But if a longer workweek eventually reduces, not just marginal productivity, but overall output, why do people in the most competitive industries work so much? Football coaches don’t work 90 – 100 hours a week simply to avoid being at home. If Nick Saban believed it would help win football games, he would kick everyone out of the film room at 5:00 each afternoon.

In the book Talent is Overrated, Geoff Colvin introduces the notion of the 10,000 hour rule. He provides scores of examples of people who became world class at something only after 10,000 hours of deliberate practice. The often-overlooked key here is the word deliberate. It is not merely the number of hours we practice or work that increases our output. It is the number of deliberate, intentional hours we spend doing something that improves our results. And deliberate intentionality requires a compelling motivation.

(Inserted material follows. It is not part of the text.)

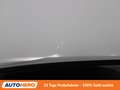 Citroen C5 X 1.6 Plug-in Hybrid Shine Edition Grau - thumbnail 22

Our bodies generally require that we sleep about eight hours each day. Unless you’re a New Zealand banker, another eight hours are generally required to provide shelter, food and items society deems necessary, like cell phones.

It is how we spend the remaining third of our life that determines our success, regardless of how we define success. People can productively focus on an activity much longer 32 hours a week if their work is consistent with a major life goal. When a person doesn’t find meaning or fulfillment in his job, he is unlikely to find the energy necessary to create excellence, either.

My guess is that few of those New Zealand bankers were committed to becoming world-class bankers. They were committed to paying their bills – something they could do within 6 or 8 hours a day. Like most people, they were working simply for money. Money is an effective motivator, but only to a point. At Guardian Trust, that point was reached around the 32-hour mark.